=== Begin Enclosure ===

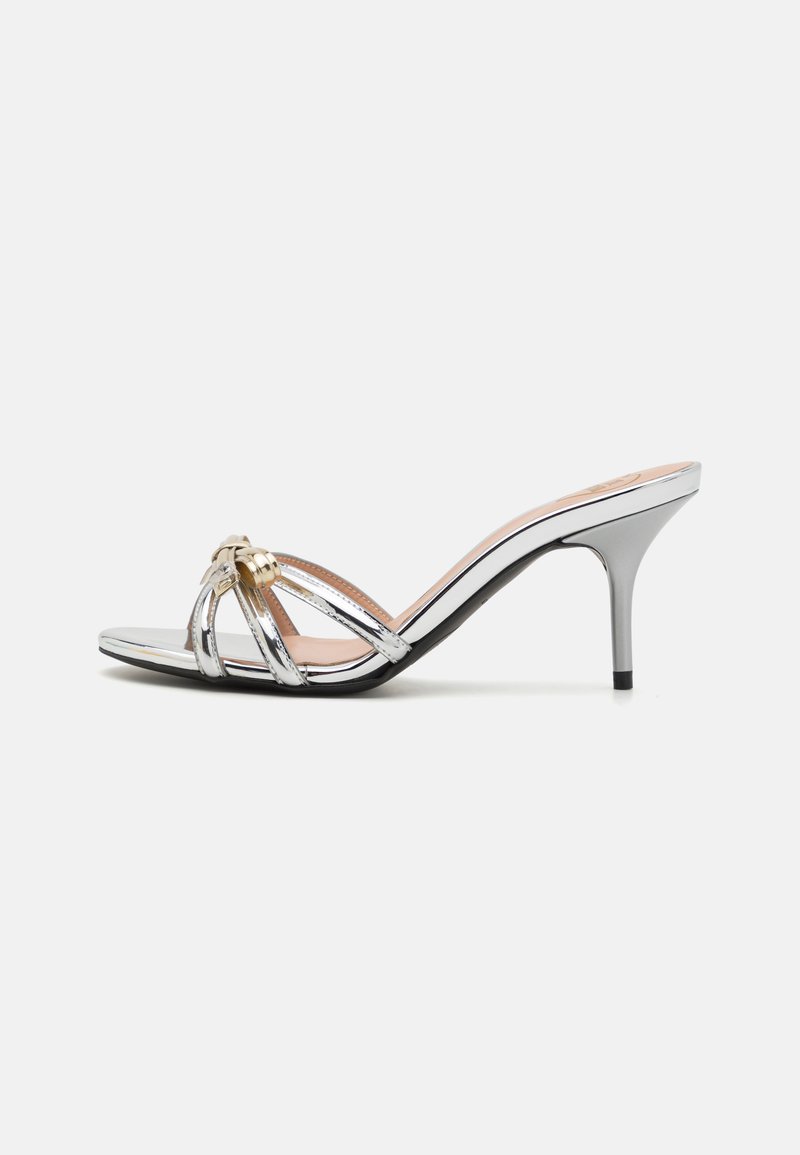 Metallic silver high-heel sandal with crisscross straps, gold accents, open toe, and a tapered stiletto heel. Smooth texture.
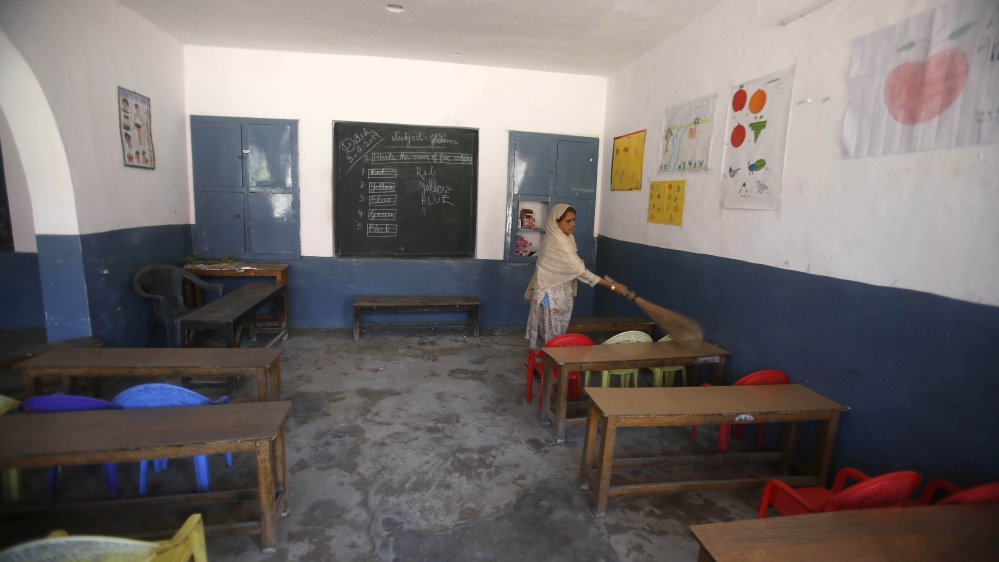 A Kashmiri school staff member cleans a deserted classroom in Srinagar, Indian-controlled Kashmir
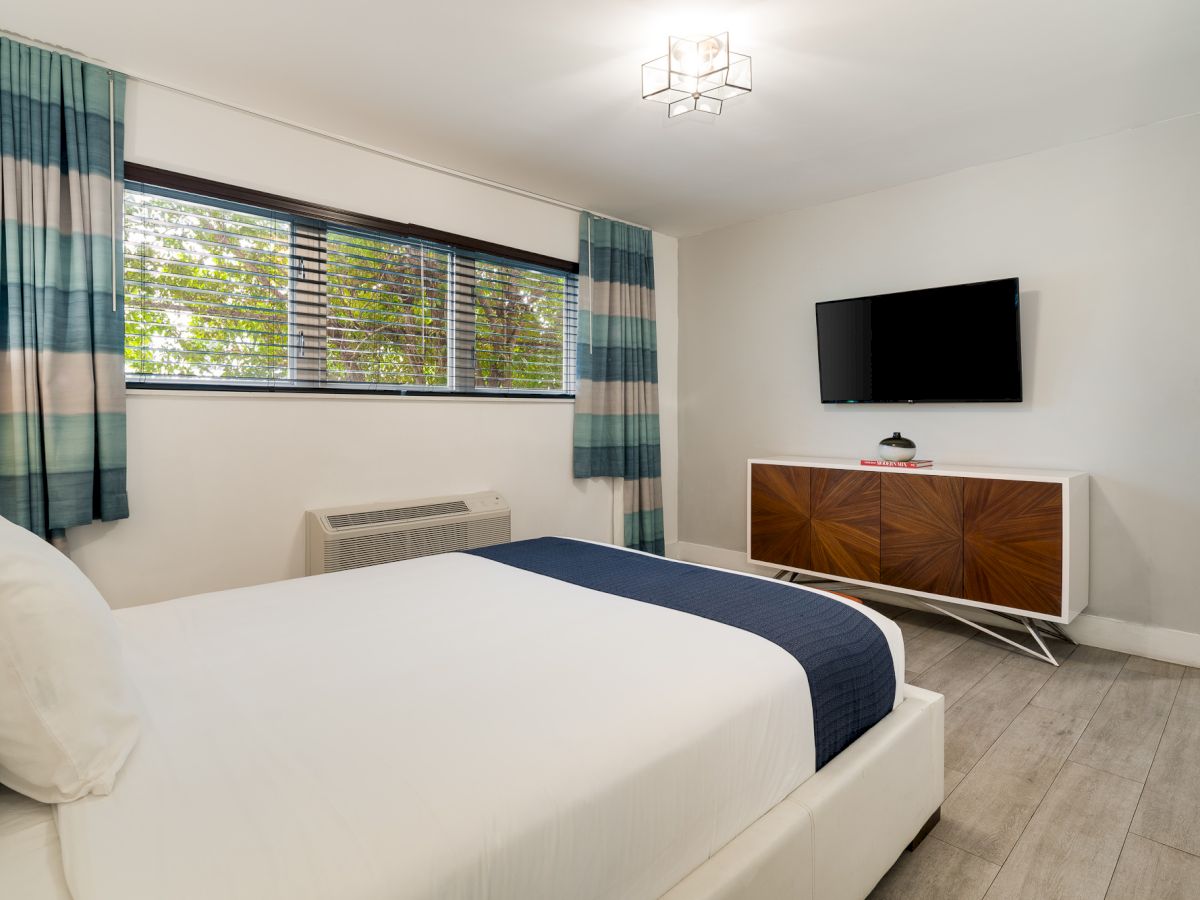 A modern hotel bedroom with a white bed, blue-gray curtains, a wall-mounted TV, and a wooden dresser, bright and airy.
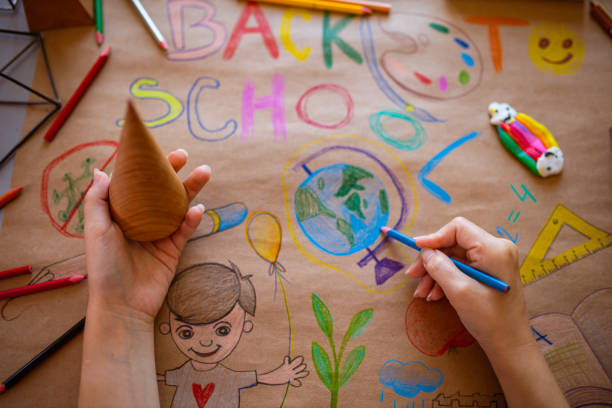 istock Dedicated and creative school teacher drawing a poster with the theme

=== End Enclosure ===

→ **Prompt**
Only the lines from the start of the material through the line containing "A Kashmiri school" should be transcribed. Pictures stay out.

→ **Solution for this task**
 Metallic silver high-heel sandal with crisscross straps, gold accents, open toe, and a tapered stiletto heel. Smooth texture.
 A Kashmiri school staff member cleans a deserted classroom in Srinagar, Indian-controlled Kashmir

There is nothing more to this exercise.